• **Directions**
From the records below, copy out exactly the lines from the one containing "Блок живлення FRACTAL" to the one containing "Generic OSU license", both included. Add nothing else.

Segment Open

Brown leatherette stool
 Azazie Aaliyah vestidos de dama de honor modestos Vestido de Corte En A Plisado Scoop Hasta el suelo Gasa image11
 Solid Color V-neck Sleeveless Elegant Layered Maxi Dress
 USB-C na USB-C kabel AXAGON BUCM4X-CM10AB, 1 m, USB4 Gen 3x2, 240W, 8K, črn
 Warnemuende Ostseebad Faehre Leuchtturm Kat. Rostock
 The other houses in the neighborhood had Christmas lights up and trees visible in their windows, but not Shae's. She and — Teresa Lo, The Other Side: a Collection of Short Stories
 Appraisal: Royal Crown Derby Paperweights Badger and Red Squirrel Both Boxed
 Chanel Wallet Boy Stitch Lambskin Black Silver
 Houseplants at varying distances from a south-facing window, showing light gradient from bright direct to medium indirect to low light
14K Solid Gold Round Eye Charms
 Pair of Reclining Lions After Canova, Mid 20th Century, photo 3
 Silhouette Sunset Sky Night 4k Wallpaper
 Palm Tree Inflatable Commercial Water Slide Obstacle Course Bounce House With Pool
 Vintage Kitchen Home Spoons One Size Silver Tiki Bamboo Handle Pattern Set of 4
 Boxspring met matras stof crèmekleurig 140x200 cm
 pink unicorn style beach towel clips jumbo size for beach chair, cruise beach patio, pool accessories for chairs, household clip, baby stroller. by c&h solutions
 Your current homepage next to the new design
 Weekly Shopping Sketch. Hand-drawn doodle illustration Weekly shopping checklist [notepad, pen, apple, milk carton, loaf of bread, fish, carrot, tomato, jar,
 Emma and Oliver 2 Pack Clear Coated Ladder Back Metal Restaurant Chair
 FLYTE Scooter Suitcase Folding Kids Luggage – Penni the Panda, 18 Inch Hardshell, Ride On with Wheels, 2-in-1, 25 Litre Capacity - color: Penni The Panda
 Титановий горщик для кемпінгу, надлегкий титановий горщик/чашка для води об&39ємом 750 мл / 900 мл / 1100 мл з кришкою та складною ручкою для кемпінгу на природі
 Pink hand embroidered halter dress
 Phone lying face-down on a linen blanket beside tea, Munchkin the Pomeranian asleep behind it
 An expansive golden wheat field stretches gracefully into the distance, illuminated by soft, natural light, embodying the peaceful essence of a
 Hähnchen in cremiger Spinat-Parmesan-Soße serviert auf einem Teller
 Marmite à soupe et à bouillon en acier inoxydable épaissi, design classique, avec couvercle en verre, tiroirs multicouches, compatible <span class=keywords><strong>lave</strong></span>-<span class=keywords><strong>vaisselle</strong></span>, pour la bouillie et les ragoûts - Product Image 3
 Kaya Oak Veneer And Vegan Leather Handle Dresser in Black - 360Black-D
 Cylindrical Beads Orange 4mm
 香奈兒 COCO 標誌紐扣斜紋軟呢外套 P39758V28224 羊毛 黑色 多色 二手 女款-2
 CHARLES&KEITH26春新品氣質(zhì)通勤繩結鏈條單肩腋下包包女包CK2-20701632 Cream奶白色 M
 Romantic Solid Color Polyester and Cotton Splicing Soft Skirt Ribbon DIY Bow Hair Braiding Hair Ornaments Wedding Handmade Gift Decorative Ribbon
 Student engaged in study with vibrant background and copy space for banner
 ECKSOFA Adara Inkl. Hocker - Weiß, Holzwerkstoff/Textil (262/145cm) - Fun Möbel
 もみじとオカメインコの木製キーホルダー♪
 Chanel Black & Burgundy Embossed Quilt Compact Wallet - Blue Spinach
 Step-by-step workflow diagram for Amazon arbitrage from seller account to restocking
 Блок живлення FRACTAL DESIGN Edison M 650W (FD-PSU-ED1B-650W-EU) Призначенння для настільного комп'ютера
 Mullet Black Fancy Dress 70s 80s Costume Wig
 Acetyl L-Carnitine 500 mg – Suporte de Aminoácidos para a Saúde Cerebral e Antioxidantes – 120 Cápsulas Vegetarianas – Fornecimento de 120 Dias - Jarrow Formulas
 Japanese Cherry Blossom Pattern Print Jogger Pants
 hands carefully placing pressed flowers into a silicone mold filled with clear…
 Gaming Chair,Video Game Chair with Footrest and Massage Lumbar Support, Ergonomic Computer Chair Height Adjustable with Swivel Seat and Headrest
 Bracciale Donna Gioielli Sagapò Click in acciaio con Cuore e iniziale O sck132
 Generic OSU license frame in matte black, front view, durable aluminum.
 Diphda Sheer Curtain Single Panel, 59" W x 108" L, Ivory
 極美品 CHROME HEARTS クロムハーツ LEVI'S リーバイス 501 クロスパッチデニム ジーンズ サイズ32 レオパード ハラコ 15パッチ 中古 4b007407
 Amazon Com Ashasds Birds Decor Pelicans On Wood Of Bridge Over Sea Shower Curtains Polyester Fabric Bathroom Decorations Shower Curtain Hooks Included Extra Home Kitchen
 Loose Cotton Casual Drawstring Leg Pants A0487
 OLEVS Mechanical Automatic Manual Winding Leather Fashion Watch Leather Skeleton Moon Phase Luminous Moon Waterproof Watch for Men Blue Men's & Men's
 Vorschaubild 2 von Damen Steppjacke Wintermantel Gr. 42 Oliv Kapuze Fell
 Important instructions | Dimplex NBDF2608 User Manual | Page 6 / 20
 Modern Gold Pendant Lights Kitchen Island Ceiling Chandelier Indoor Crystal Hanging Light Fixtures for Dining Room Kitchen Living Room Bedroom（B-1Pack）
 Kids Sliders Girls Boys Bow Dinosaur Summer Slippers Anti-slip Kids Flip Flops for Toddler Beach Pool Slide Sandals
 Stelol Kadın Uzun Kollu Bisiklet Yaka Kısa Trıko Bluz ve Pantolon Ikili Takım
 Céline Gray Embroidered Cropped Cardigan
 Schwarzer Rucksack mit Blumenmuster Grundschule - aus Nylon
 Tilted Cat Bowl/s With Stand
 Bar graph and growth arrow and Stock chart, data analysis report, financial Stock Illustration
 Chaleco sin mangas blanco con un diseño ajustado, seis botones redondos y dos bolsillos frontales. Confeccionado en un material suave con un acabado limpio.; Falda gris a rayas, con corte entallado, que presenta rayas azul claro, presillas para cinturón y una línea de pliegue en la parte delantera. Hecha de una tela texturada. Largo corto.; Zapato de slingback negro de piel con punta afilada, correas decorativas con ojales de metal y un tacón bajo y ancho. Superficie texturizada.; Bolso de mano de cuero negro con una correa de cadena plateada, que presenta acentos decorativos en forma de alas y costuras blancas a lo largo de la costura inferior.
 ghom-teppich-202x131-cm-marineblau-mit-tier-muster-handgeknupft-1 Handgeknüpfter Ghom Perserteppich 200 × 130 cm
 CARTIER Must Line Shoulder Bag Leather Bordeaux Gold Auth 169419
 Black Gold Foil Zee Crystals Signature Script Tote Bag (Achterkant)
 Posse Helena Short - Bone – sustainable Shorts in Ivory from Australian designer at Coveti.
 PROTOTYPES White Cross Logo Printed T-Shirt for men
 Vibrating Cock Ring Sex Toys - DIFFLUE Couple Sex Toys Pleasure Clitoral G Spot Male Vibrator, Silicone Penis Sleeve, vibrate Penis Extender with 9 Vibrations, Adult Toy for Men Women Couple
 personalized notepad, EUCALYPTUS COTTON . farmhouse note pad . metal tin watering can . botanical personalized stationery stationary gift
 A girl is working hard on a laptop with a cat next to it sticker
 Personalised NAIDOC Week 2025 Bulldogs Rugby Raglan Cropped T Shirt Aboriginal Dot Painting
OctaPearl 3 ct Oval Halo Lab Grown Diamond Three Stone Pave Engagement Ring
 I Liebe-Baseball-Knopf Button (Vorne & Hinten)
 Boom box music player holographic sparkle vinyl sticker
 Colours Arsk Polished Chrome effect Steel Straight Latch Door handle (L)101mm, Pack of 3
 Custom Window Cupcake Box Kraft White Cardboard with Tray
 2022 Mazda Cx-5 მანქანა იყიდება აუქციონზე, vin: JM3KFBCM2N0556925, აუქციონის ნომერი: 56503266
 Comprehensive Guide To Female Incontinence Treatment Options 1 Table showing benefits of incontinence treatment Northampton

Segment Closed

• **Answer area**
 Блок живлення FRACTAL DESIGN Edison M 650W (FD-PSU-ED1B-650W-EU) Призначенння для настільного комп'ютера
 Mullet Black Fancy Dress 70s 80s Costume Wig
 Acetyl L-Carnitine 500 mg – Suporte de Aminoácidos para a Saúde Cerebral e Antioxidantes – 120 Cápsulas Vegetarianas – Fornecimento de 120 Dias - Jarrow Formulas
 Japanese Cherry Blossom Pattern Print Jogger Pants
 hands carefully placing pressed flowers into a silicone mold filled with clear…
 Gaming Chair,Video Game Chair with Footrest and Massage Lumbar Support, Ergonomic Computer Chair Height Adjustable with Swivel Seat and Headrest
 Bracciale Donna Gioielli Sagapò Click in acciaio con Cuore e iniziale O sck132
 Generic OSU license frame in matte black, front view, durable aluminum.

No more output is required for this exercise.